Papers I Read Notes and Summaries

Emotional Chatting Machine - Emotional Conversation Generation with Internal and External Memory

  • The paper proposes ECM (Emotional Chatting Machine) which can generate both semantically and emotionally appropriate responses in a dialogue setting.

  • More specifically, given an input utterance or dialogue and the desired emotional category of the response, ECM is to generate an appropriate response that conforms to the given emotional category.

  • Link to the paper

  • Much of the recent, deep learning based work on conversational agents has focused on the use of encoder-decoder framework where the input utterance (given sequence of words) is mapped to a response utterance (target sequence of words). This is the so-called seq2seq family of models.

  • ECM model can sit within this framework and introduces 3 new components:

    • Emotion Category Embedding
      • Embed the emotion categories into a real-valued, low-dimensional vector space.
      • These embeddings are used as input to the decoder and are learnt along with rest of the model.
    • Internal Memory
      • Physiological, emotional responses are relatively short-lived and involve changes.
      • ECM accounts for this effect by adding an Internal Memory which captures this dynamics of emotions during decoding.
      • It starts with “full” emotions in the beginning and keeps decaying the emotion value over time.
      • How much of the emotion value is to be decayed is determined by a sigmoid gate.
      • By the time the sentence is decoded, the value becomes zero, signifying that the emotion has been completely expressed.
    • External Memory
      • Emotional responses are expected to carry emotionally strong words along with generic, neutral words.
      • An external memory is used to include the emotionally strong words explicitly by using 2 non-overlapping vocabularies - generic vocabulary and the emotion vocabulary (read from the external memory).
      • Both these vocabularies are assigned different generation probabilities and an output gate controls the weights of generic and emotion words.
      • This way the emotion words are included in an otherwise neutral response.
  • Loss function

    • The first component is the cross-entropy loss between predicted and target token distribution.
    • A regularization term on internal memory to make sure the emotional state decays to 0 at the end of the decoding process.
    • Another regularization term on external memory to supervise the probability of selection of a generic vs emotion word.
  • *Dataset
    • STC Dataset (~220K posts and ~4300K responses) annotated by the emotional classifier. Any error on the part of the classifier degrades the quality of the training dataset.
    • NLPCC Dataset - Emotion classification dataset with 23105 sentences.
  • Metric

    • Perplexity to evaluate the model at the content level.
    • Emotion accuracy to evaluate the model at the emotional level.
  • ECM achieves a perplexity of 65.9 and emotional accuracy of 0.773.

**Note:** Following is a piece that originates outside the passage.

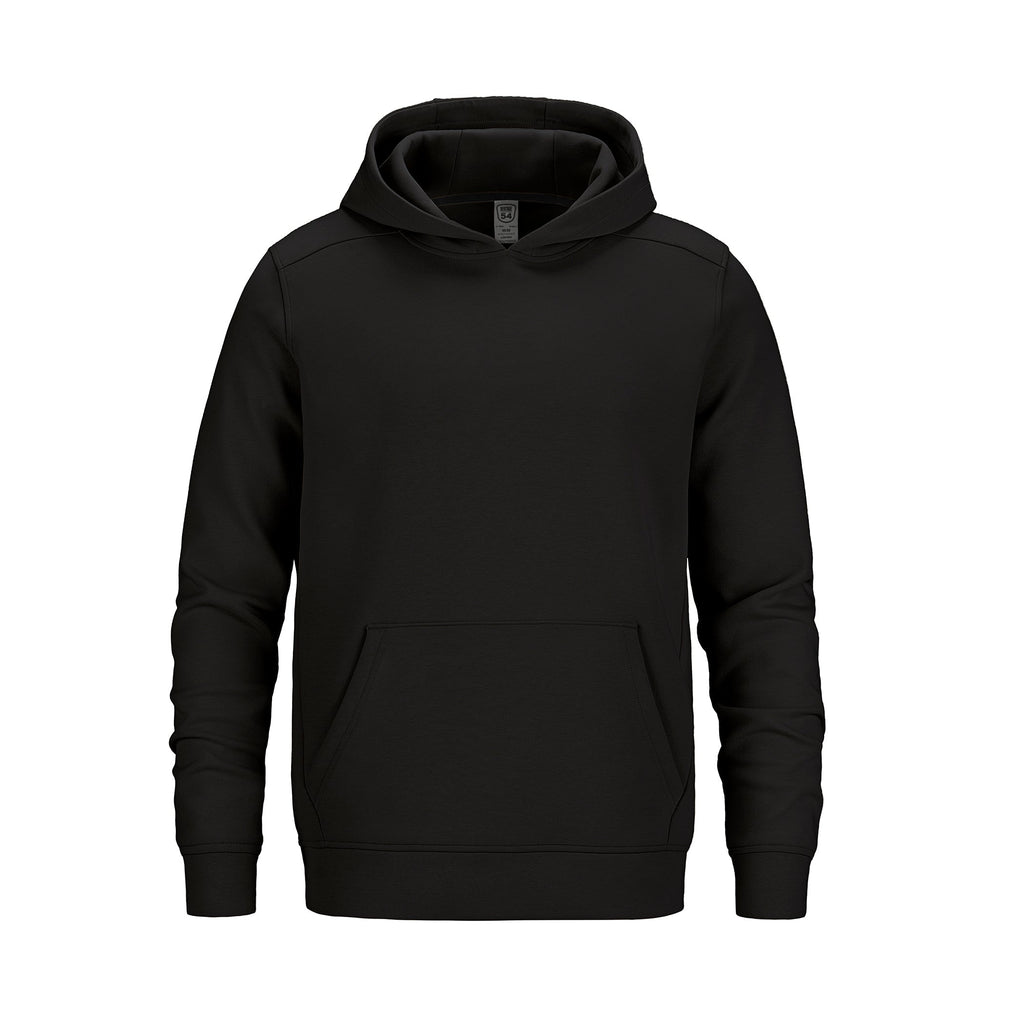 Heritage 54 L6400Y, - Pulse - Youth Performance Double Knit Pullover Hooded Sweatshirt, Black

  • Based on human evaluations, ECM statistically outperforms the seq2seq baselines on both naturalness (likeliness of response being generated by a human) and emotion accuracy.

  • Notes

    • It is an interesting idea to let the sigmoid gate decide how the emotion “value” be spent while decoding. It seems similar to the idea of how much do we want to “attend” to the emotion value the key difference being that your total attention is limited. It would be interesting to see the shape of the distribution of how much of the emotion value is spent at each decoding time step. If the curve is highly biased towards say using most of the emotion value towards the end of the decoding process, maybe another regularisation term is needed to ensure a more balanced distribution of how the emotion is spent.